There are three open seats up for grabs, thanks to the impending political exits of Sen. Chris Pearson, P/D-Chittenden, and Sen. Michael Sirotkin, D-Chittenden, as well as the addition of a seventh seat to the region’s delegation.
And there were almost four openings. Until last week, Ram Hinsdale was planning to leave the state Senate as she sought a seat in the U.S. House. But at the last minute, with the filing deadline upon her, Ram Hinsdale dropped out of the congressional race and filed for reelection.

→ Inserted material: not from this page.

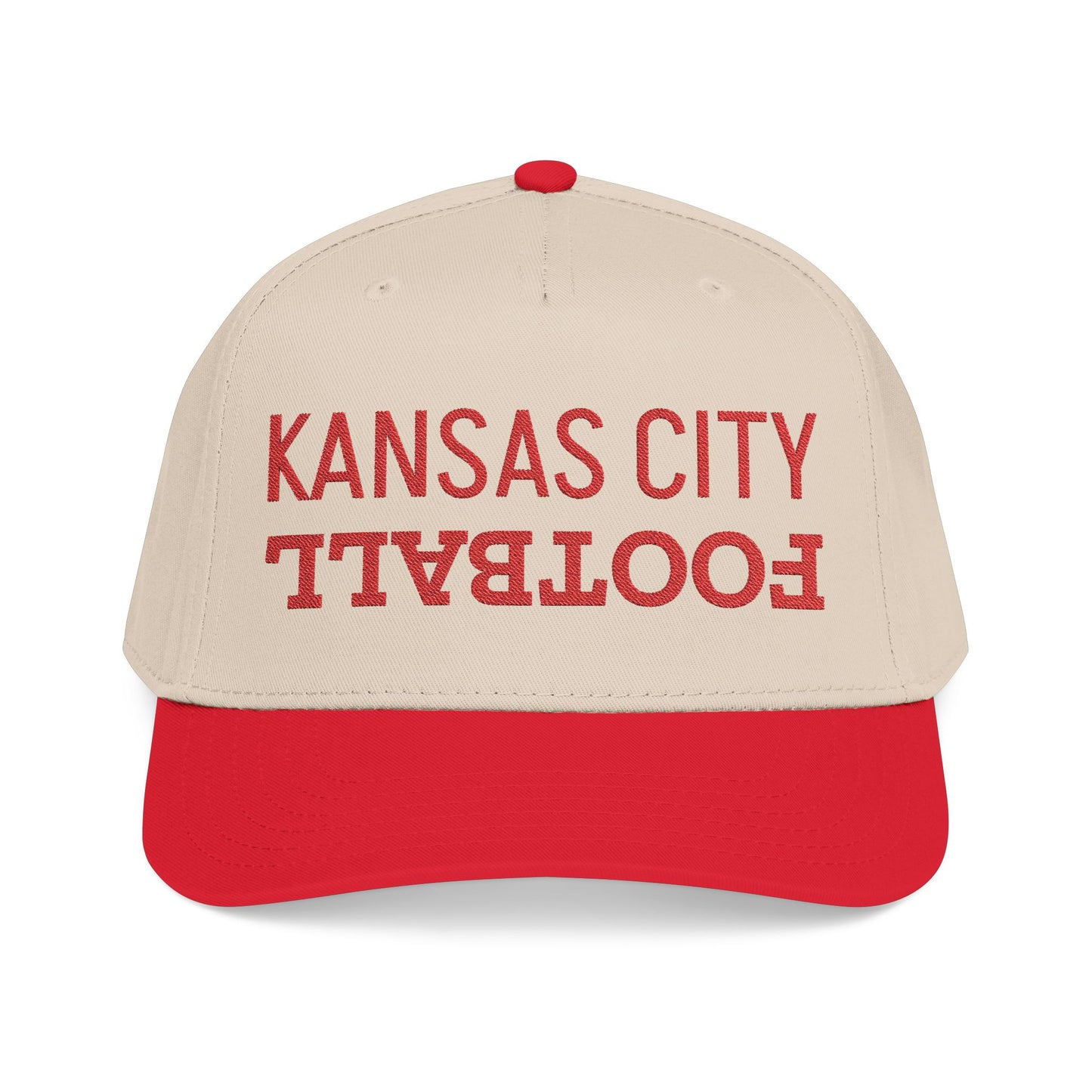 Embroidered Kansas City Football Hat, Mid Profile Baseball Cap, Football Gifts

Chittenden County voters have not elected a Republican to their six-member Senate delegation since 2014. But Jim Dandeneau, who has since been named the Vermont Democratic Party’s interim executive director, told VTDigger in April that the new Chittenden-North district is “solidly Republican.” The one-member district encompasses Chittenden County’s more rural towns, plus a sliver of Franklin County.
On the ballot in that district is Rep. Leland Morgan, R-Milton, who is looking to make the leap from the House to the Senate. Democrats Brian Shelden and Irene Wrenner will duke it out in the Democratic primary in August before one faces Morgan in the general election.
Vermont Republican Party chair Paul Dame said Morgan is “the right candidate in that district.” Dame sees Chittenden-North as an opportunity for Republicans to pick up a Senate seat.
“I think we’re kind of seeing Franklin County extending into northern Chittenden County in terms of that sort of political demographic,” he told VTDigger.
Under the old Senate map, Dame said, the Chittenden district “was the hardest race in the state for a Republican to win. At least if you run statewide, you get Franklin and Rutland Counties.” Those two are generally considered among the most conservative counties in the state, along with the three counties that make up the Northeast Kingdom.
Under the new map, Dame said, Chittenden-Central is poised to become a battleground between Democrats and Progressives. Vermont Progressive Party executive director Josh Wronski agreed; he told VTDigger that the Chittenden-Central Senate race is “probably the most high-profile for us.”
Twelve-year Senate veteran Baruth will be the only incumbent running in Chittenden-Central, with two more seats wide open. While not a Senate incumbent, Rep. Tanya Vyhovsky, P/D-Essex, will be a familiar name to Essex Junction voters in her bid for the upper chamber.
“You know, I didn’t come into the House thinking, ‘Oh, I’m going to serve one term in the House, then they’re going to redistrict and so I’ll jump into the Senate,’” she told VTDigger. “What really happened is … the (new) district worked politically for me as a pretty left-leaning Progressive, myself. And there was an open seat, and then there were two open seats.”
If there were ever a time to make a bid for the upper chamber, she said, it’s now.
Along with Vyhovsky and Baruth on the Chittenden-Central ballot will be Essex Junction President Andrew Brown; Vermont Human Rights Commission member and Burlington resident Dawn Ellis; Burlington School Board member Martine Larocque Gulick; and Erhard Mahnke, a Burlington resident and staffer for U.S. Sen. Bernie Sanders, I-Vt.
In the three-member Chittenden-Southeast district, incumbents Chittenden, Lyons and Ram Hinsdale are seeking reelection. Also vying for spots are Steve May, a social worker from Richmond; Lewis Mudge, a Charlotte resident and Central Africa director for Human Rights Watch; and Ken Scott, a Champlain Valley School District board member from Shelburne. All are Democrats.
While Dame said he thinks Republicans “can be more competitive in that Southeast district,” none have filed for candidacy ahead of the August primary. Dame said the party is still trying to recruit candidates.
VTDigger reporter Lola Duffort contributed to this report.